[TRY IT]:
Leave the pictures out and write out exactly the lines from the top of the entries through the line containing "Handmade crochet large".

[TASK MATERIAL]:
......
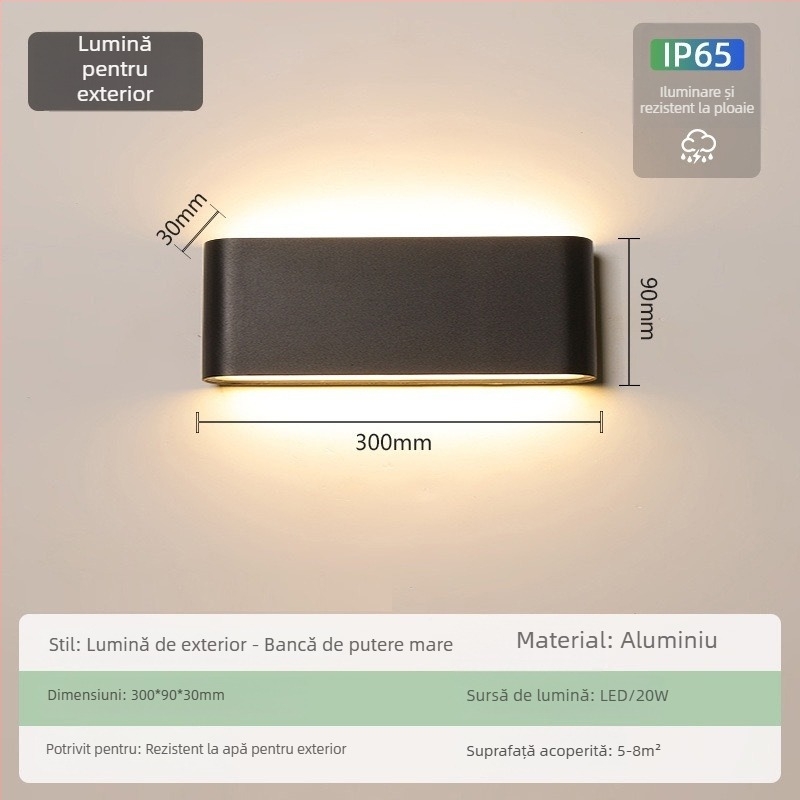 Lampa de perete impermeabilă pentru exterior – ultra-subțire, IP65, 110-275V, 15 LED, 3000K, CRI 90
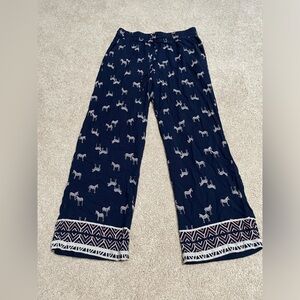 Navy Blue Pants With Zebras Print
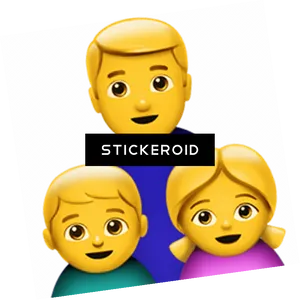 Emoji Family Trio Stickeroid PNG Image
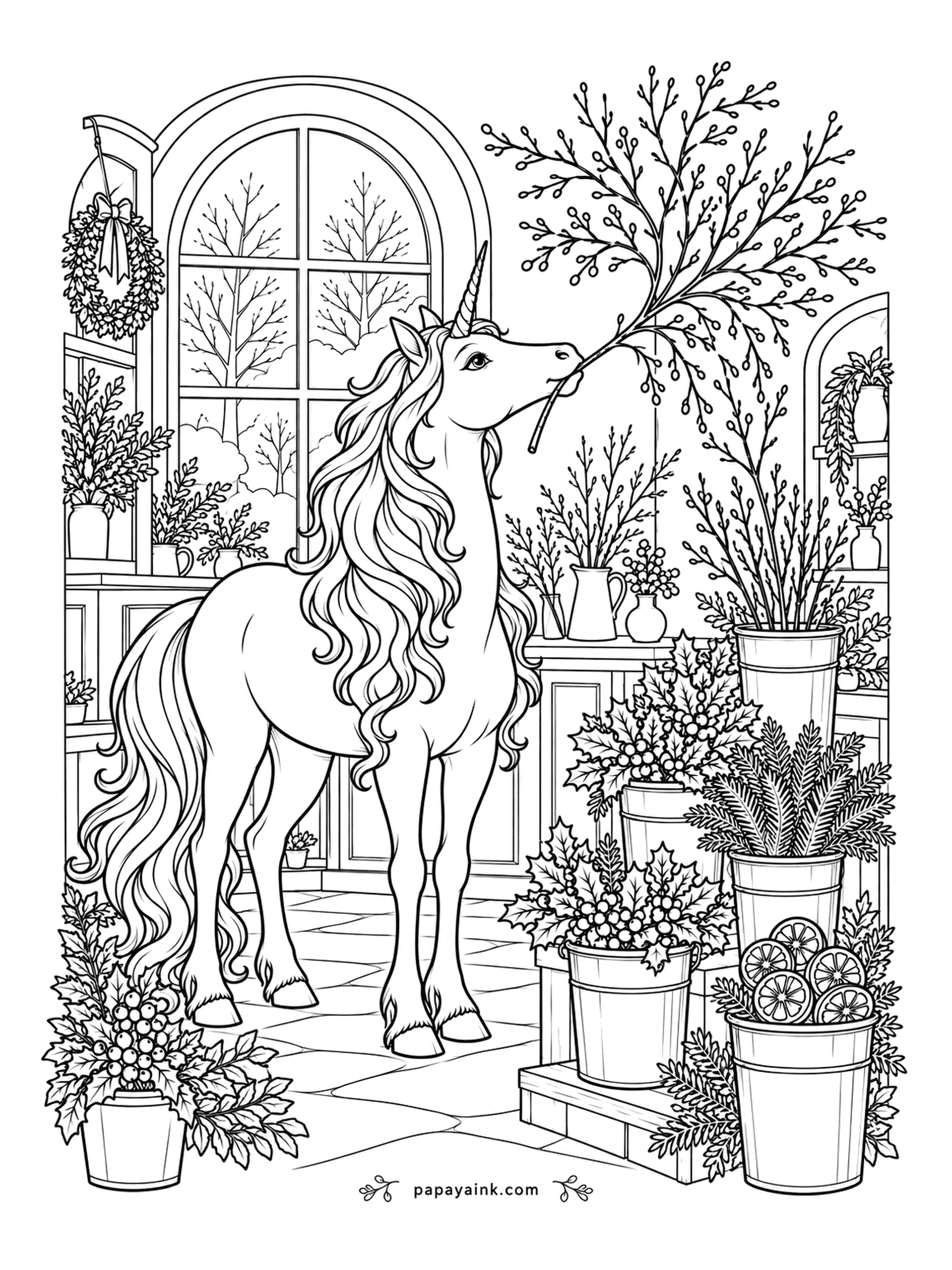 Christmas Unicorn Coloring Pages - Choosing the berry branch for the front window falls to the tallest staff member. Buckets of greenery, fir tips and dried orange crowd the florist's floor around her. Detailed - every leaf and berry is its own small shape.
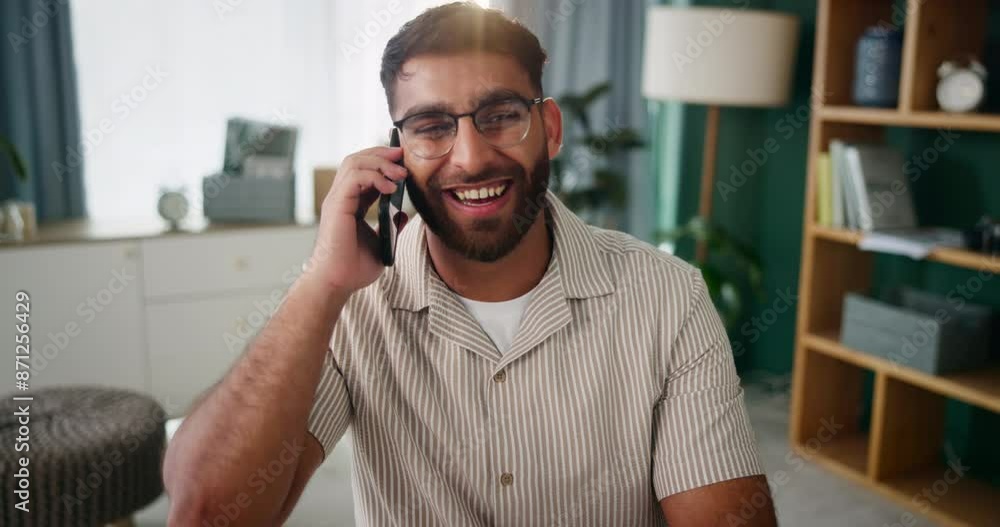 Aufkleber man, phone call and celebration for success in work promotion in home with excited as web support co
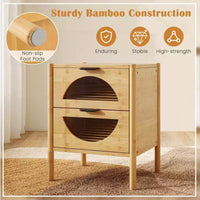 Costway table de chevet en bambou 1/2 pieces avec 2 tiroirs de rangement et façades en verre trempé cannelé pour chambre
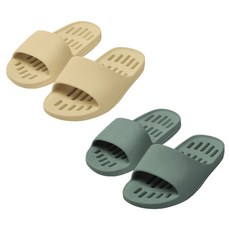 샤바스 부드러운 플랫 물빠짐 욕실화 2종 세트, 딥그린, 샌드베이지, 1세트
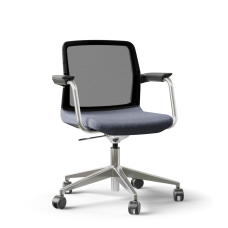 Narbutas WIND - Visitor Chair, Black Mesh Backrest, Blue Upholstered Seat, Chromed Steel Swivel Framel, Polished Aluminium Base, Polyamide Castors | Modern Design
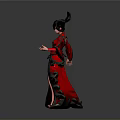Woman In Red Ancient Style Costume With Gold Decorations Slit Skirt And Elaborate Headdress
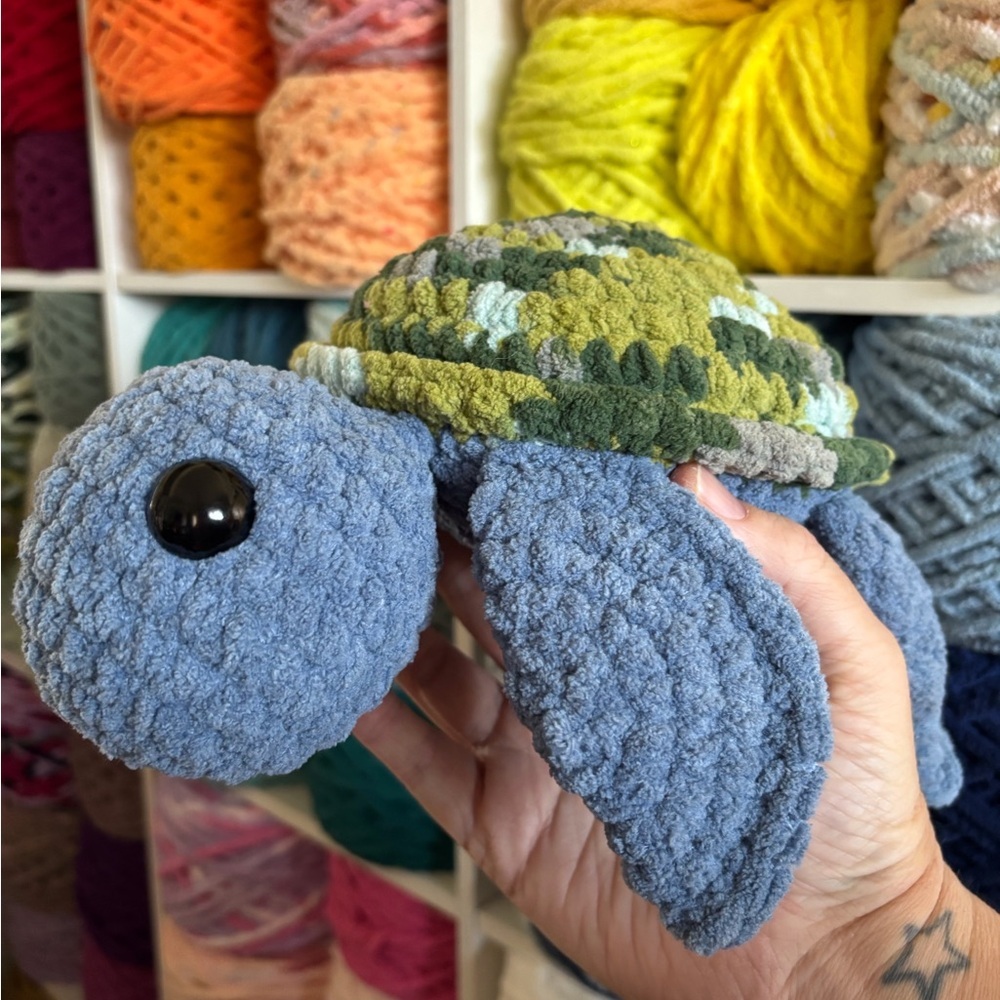 Handmade crochet large blue & green sea turtle plushie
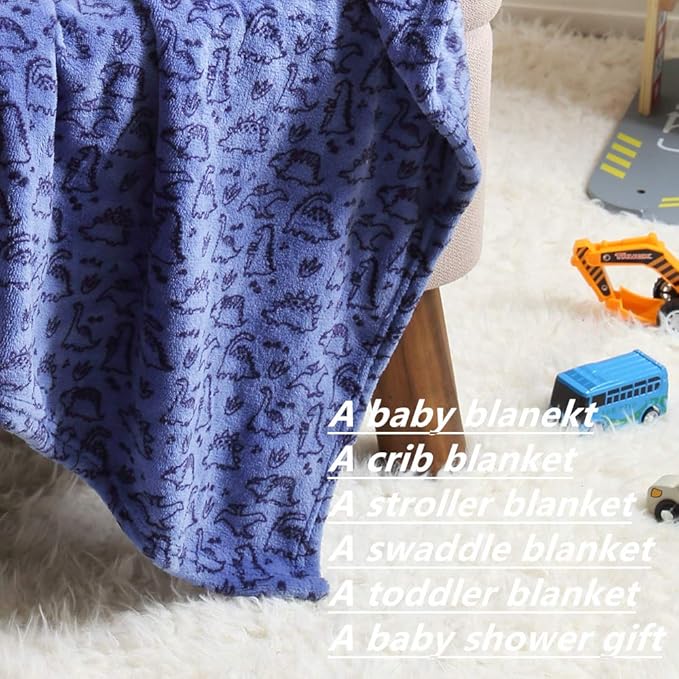 CREVENT 30"X40" Lightweight Fuzzy Fluffy Warm Plush Baby Blanket for Boys Infant Toddler Newborn Crib Cot Stroller - Blue Dinosaur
......
[OUTPUT OF THE EXERCISE]:
 Lampa de perete impermeabilă pentru exterior – ultra-subțire, IP65, 110-275V, 15 LED, 3000K, CRI 90
 Navy Blue Pants With Zebras Print
 Emoji Family Trio Stickeroid PNG Image
 Christmas Unicorn Coloring Pages - Choosing the berry branch for the front window falls to the tallest staff member. Buckets of greenery, fir tips and dried orange crowd the florist's floor around her. Detailed - every leaf and berry is its own small shape.
 Aufkleber man, phone call and celebration for success in work promotion in home with excited as web support co
 Costway table de chevet en bambou 1/2 pieces avec 2 tiroirs de rangement et façades en verre trempé cannelé pour chambre
 샤바스 부드러운 플랫 물빠짐 욕실화 2종 세트, 딥그린, 샌드베이지, 1세트
 Narbutas WIND - Visitor Chair, Black Mesh Backrest, Blue Upholstered Seat, Chromed Steel Swivel Framel, Polished Aluminium Base, Polyamide Castors | Modern Design
Woman In Red Ancient Style Costume With Gold Decorations Slit Skirt And Elaborate Headdress
 Handmade crochet large blue & green sea turtle plushie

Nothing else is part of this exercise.